Some books have healing properties. Sometimes authors become dear family friends. When my oldest son was high-chair age, I was reading Margaret Truman mysteries and James Herriot books checked out from the old-timey Benson Public Library in Omaha. Sometimes I would put little Jeffy into the stroller and push him the two miles to the library up Sixtieth Street, since I was a stay-at-home mom with no car. Jeffy, who just turned twenty-two, loved being read to. If I was reading while the two of us were eating lunch, he would say, "Read me a murder." I admit this is an odd thing for a child sitting in a high-chair to say, but this is the kid that also said, "I believe I have a fork in my diaper," while sitting in that same high-chair. Jeffy didn't care what I read, as long as I read. He loved the sound of the words. His gift is his amazing verbal memory. He was soaking it all up and storing it. So I read him the "murders". More especially I read the James Herriot stories, and we laughed about Tricky Woo going flop-bot.

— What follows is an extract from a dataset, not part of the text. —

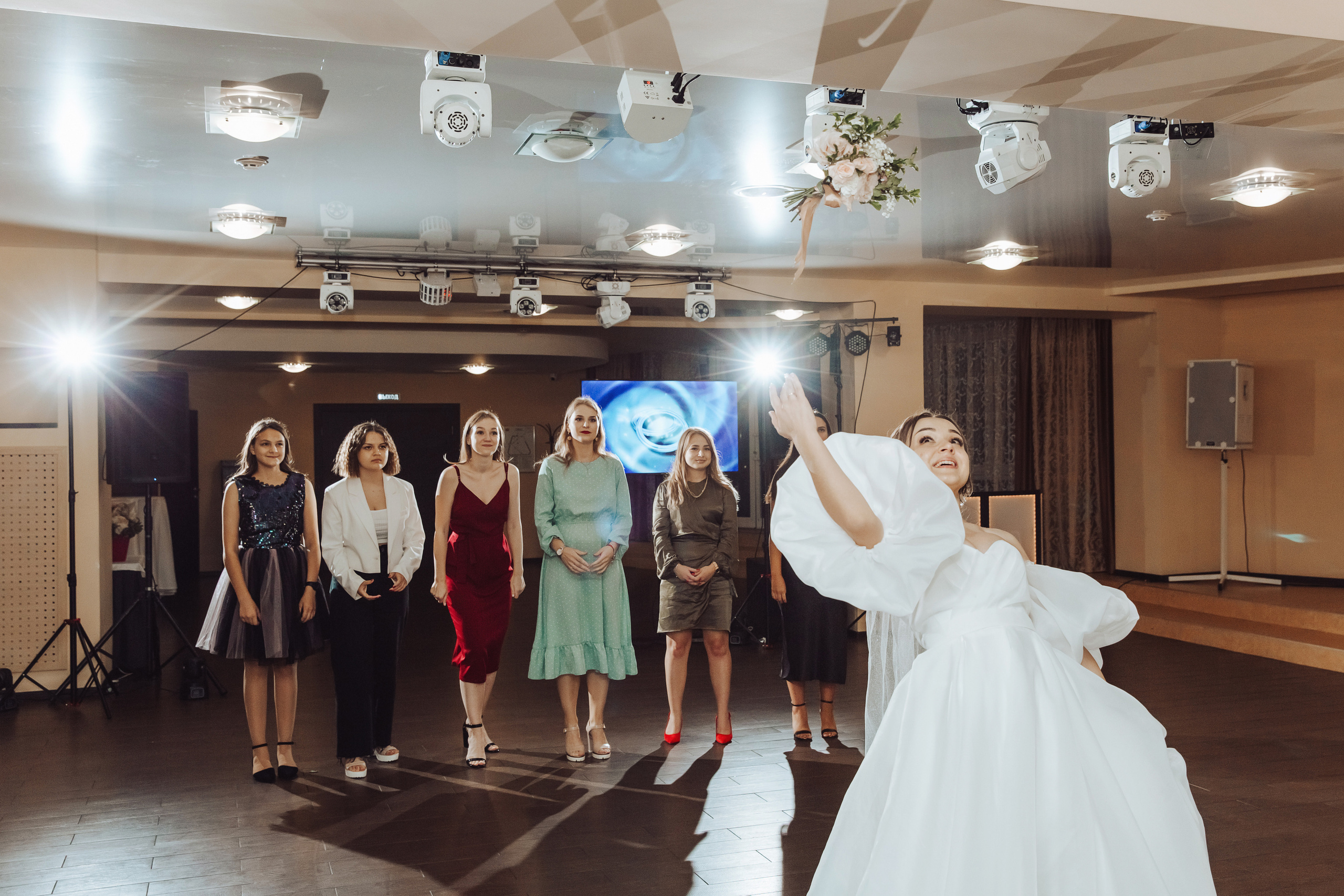 Игорь и Кристина. Свадебный фотограф Ярославль Ирина Волоцкая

Whenever Jeff was sick as a kid, I would read James Herriot to him. The stories are so kind and gentle, observant and funny, that they are good medicine. In return, when I became very ill with pleurisy in late 1995, thirteen-year-old Jeff read those stories to me when the pain and cough medicines had me too loopy to read. Although it hurt when I laughed, it also healed. Herriot had died earlier that year, and Jeff had told me he felt he had lost a good friend.

Ted Kooser's stories in Local Wonders have many of the same qualities, and I celebrate that a "good friend" is our new national poet laureate. I hope this honor will bring his books to many new friends.